If the political realm remained “agitated, contested, and uncertain”—as it always will— the moral world, informed by religion, resisted the pull of lawlessness and limitless self-assertion. It gave human beings a sense of limits and an understanding of the ends and purposes that ought to inform the exercise of human freedom. Despots, who necessarily have contempt for all restraints, could do without religion, Tocqueville argued, but a free people could not.
For a century and a half, this understanding of the connection between religion and democratic liberty remained the American consensus. Americans didn’t confuse liberty with moral relativism or indifference to truth. While the consent of the governed was our sacred political principle, our political heritage always discreetly bowed before the sovereignty of God. Unlike totalitarian revolutionaries who wished to deify man, the American revolutionaries wisely affirmed what Tocqueville called “liberty under God and the laws.” Such was the path of a decent, ordered liberty that resisted fashionable efforts to separate freedom from a humble deference to truth and moral conscience.

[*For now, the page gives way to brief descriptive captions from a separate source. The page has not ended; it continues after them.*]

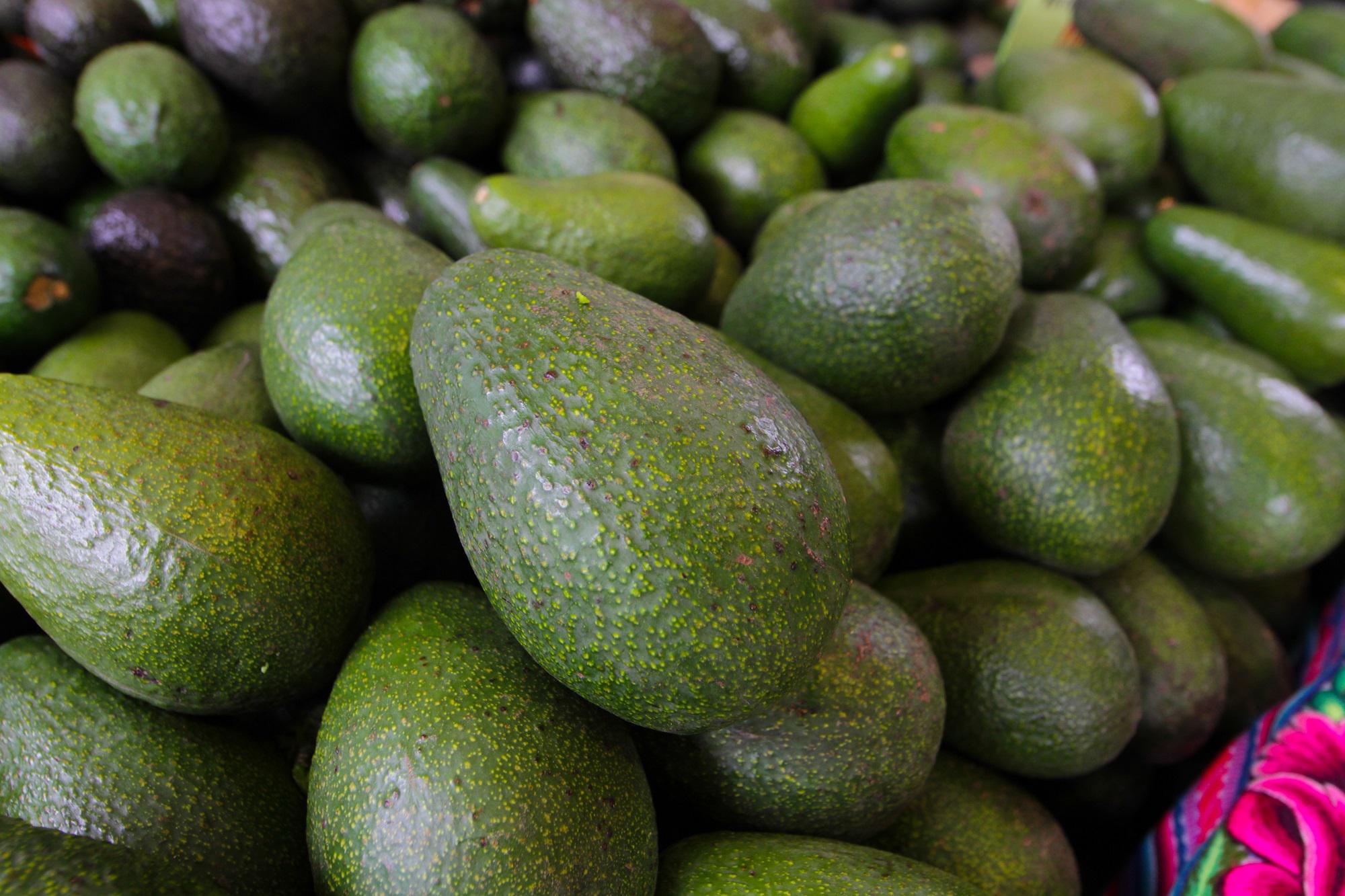 Lambayeque: Cultivan productos de agroexportación en Olmos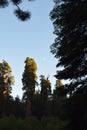 Giant Sequoias in California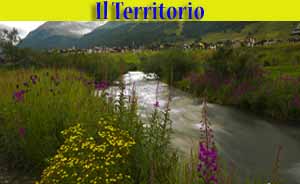 territorio di Livigno - progetto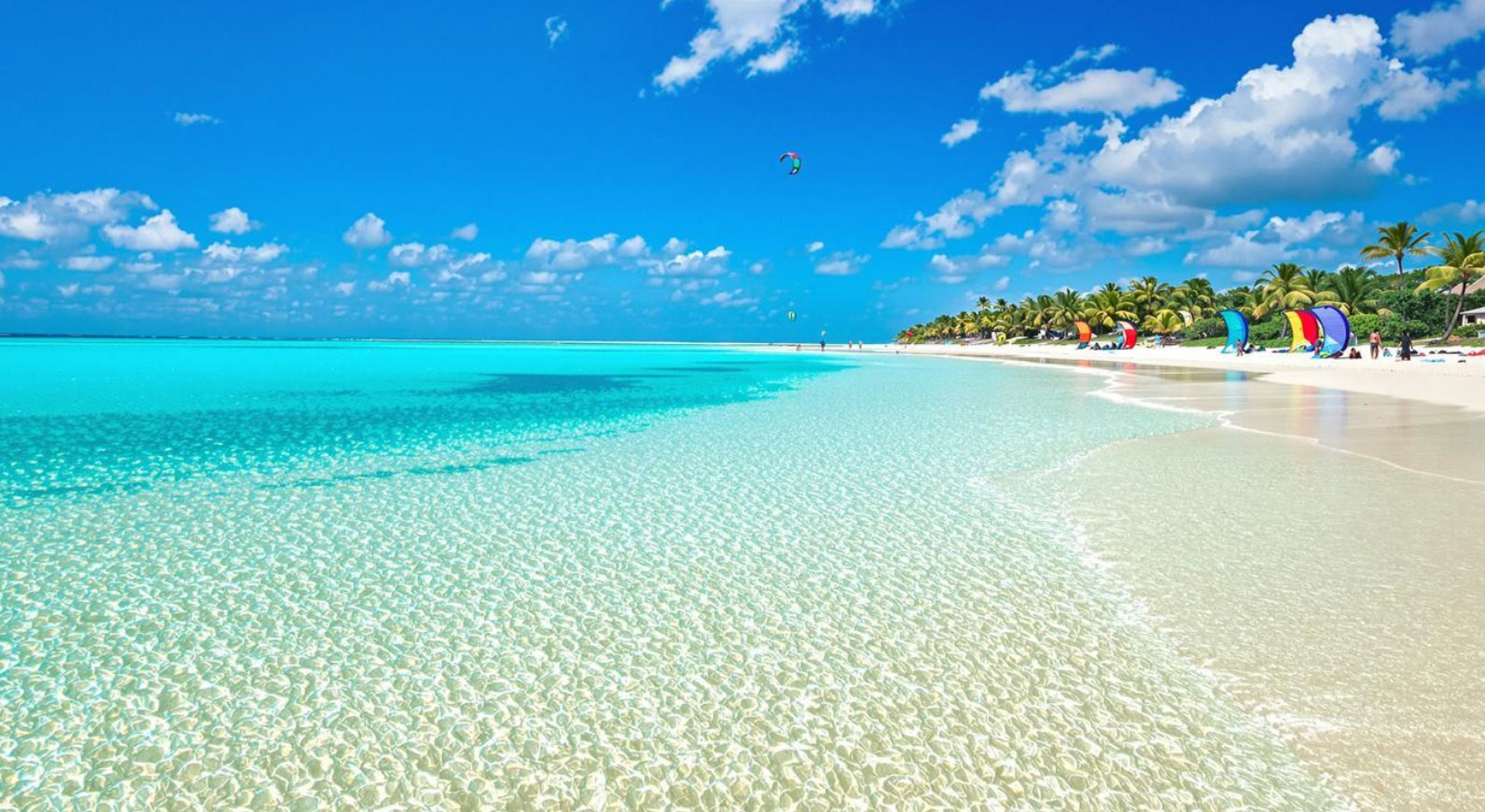 Bwindi Gorillas Safari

Liberals once applauded religion, at least as an instrument for justice and as a reminder that everyone, including the highly placed and powerful, remained subject to the judgment of God. Abolitionism, the Social Gospel, and the civil rights movement were peopled by ministers and people of faith who freely appealed to moral conscience informed by the Gospel. Today’s left, with a few notable exceptions, appeals to a highly moralistic conception of social justice and doctrinaire equality. Their conception is shorn of any real emphasis on human sinfulness as a universal attribute, or on humility—and with it, the concomitant need for repentance, forgiveness, and mutual accountability. Those accredited with “victimhood” are said to be without sin, thus having no need for humility and self-limitation. Victimizers, ever more arbitrarily defined, are condemned as guilty for who they are rather than what they have done.
In this worldview, aggressive secularism and moralism go hand in hand with the reckless condemnation of whole groups and peoples. “White privilege,” for example, plays the same role that “kulaks,” Jews, and class enemies played in the totalitarian ideologies of the 20th century. (If the practice is not yet totalitarian, the theory most certainly is.) The deification of alleged “victims” and the demonization of the police and the majority population invites ostracism and “canceling” of many imperfect but decent people. Such acts of “woke” despotism are made possible by an arbitrary repudiation of common morality, religious humility, and the awareness of shared imperfection, all of which make repentance and forgiveness possible.
It is no accident, as the Marxists used to say, that the anarchists and proto-totalitarians among us in Antifa and Black Lives Matter (the movement, not necessarily the slogan) mock biblical religion, common morality, and the traditional family. BLM’s statement of purpose is a series of aggressive and predictable ideological clichés, rooted in a blatant repudiation of the moral and religious heritage of the West. These self-proclaimed “trained Marxists” do more than speak a wooden ideological language. Their adherents publicly assault innocents, burn Bibles, attack statues of historical figures and religious icons, and publicly display guillotines—guillotines!— while swarming the homes of prominent Americans, including liberals, whom they seek to threaten and humiliate. Politicians, corporations, and churchmen shamelessly apologize for, and even underwrite, these repulsive revolutionaries. Such self-destructive indulgence of totalitarian nihilism is evidence of just how deep our current crisis has become.
A word to the wise. A civilization that vilifies and dismisses religion and traditional morality would be a dark one—in truth, it would be no civilization at all. In “The American Commonwealth”—an 1888 book that ranks an honorable second place behind Tocqueville’s as the most thoughtful, penetrating, and morally serious guide to the considerable strengths but also the weaknesses of, and threats to, the integrity of American democracy—James Bryce imagines a democratic civilization without religion. He reminds us that religion has exerted a “stimulating presence on the thought and imagination” of even unbelievers, and he wonders if “social polity” would become unstable, and morality diffused and threatened, in a world where human beings “cease to believe that there was any power above them, any future before them, anything in heaven and earth but what their senses told them.” Bryce could not imagine civilized liberty (or human existence more broadly) without a healthy deference to religion and moral conscience informed by it.
Nothing in our recent experience suggests that he was wrong.